The case of Moraima, who found out she was adopted when her adoptive parents separated, had a huge impact in the Dominican Republic.
Quinones discovered in his field research that in the mountainous region of Jarabacoa, in the 1990s, adoptions abounded. “Then he gave me several stories that finally appeared in the movie. The script was written by both of them,” he details.
According to Diaz, who is still working at 74 and hopes to screen his latest film, “An Elephant on a Spider’s Web” next May at the Docs Valencia Documentary Festival, a “sine qua non” set by making the absences file ( 2020) that the lead actress was a journalist.
“Quinnons understood me and was always by my side. I was very fortunate that Judith was, in addition to being a great actress, a journalist. This made things easier for me. I spoke to her in a language that she perfectly mastered, which made it easier for us to elaborate on the questions we might ask the real heroes” .
“I wanted her to act and think like a journalist. We’ve built a vague, lonely character, even cold at times, who takes the investigation personally and connects it to elements from her past, which gives her character a lot of credibility,” is Quiñones’ “alternative ego,” he adds.
The director, who jumped into fantasy with the comedy “The Birds Throwing a Shotgun” (1985), admits to “not rating” his film, although it’s not something that keeps him up at night.
“There are festivals that have told us that they only accept it as a feature film, some value it as a documentary and others only see it as a cinema. I agree with this last definition, after all, pure documentaries are also films,” adds the director from Spain, where he lives.

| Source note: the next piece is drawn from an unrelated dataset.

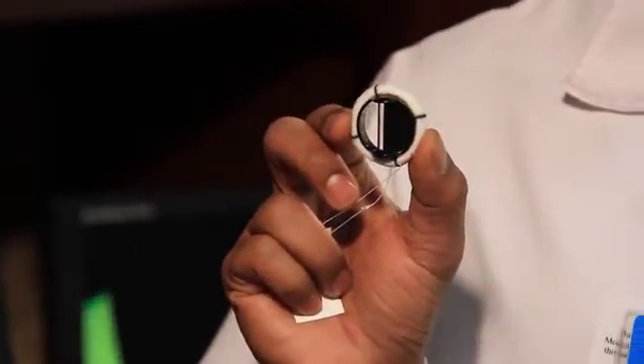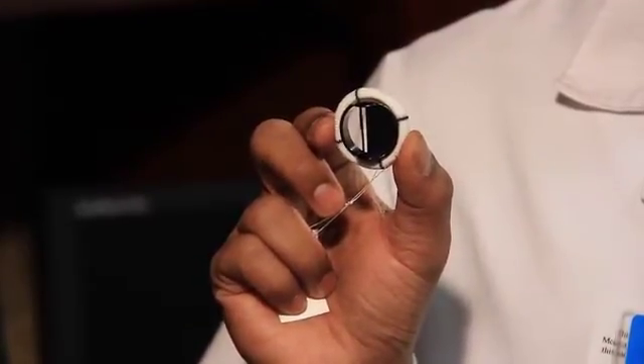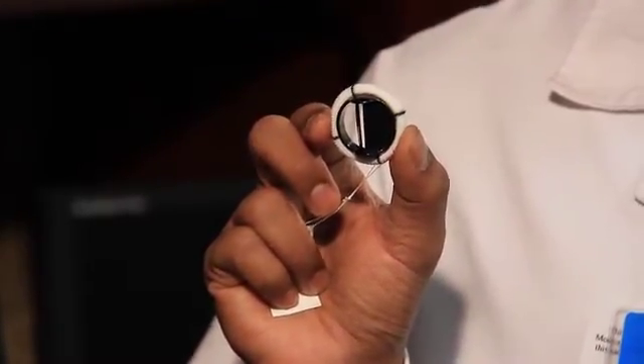We have two different types of valves available in the market today. One is a mechanical valve, and this valve lasts for the rest of the patient's life.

At the Miami Film Festival, “Absence Profile” is part of the so-called “Dominican Quintet,” a selection that highlights “powerful films” that have emerged from the Caribbean country, the festival’s executive director, Guy Laplante, told Eph.
In addition to Diaz’s film, the quintet includes the films “Perejil” by Jose Maria Cabral; “Candela” by Andres Farias Centron; “Carrageeta” by Silvina Schnacer and Ulysses Bora Guardiola and “Film about husbands” by Natalia Cabral and Oriol Estrada. EFE
jab / p
(Photo)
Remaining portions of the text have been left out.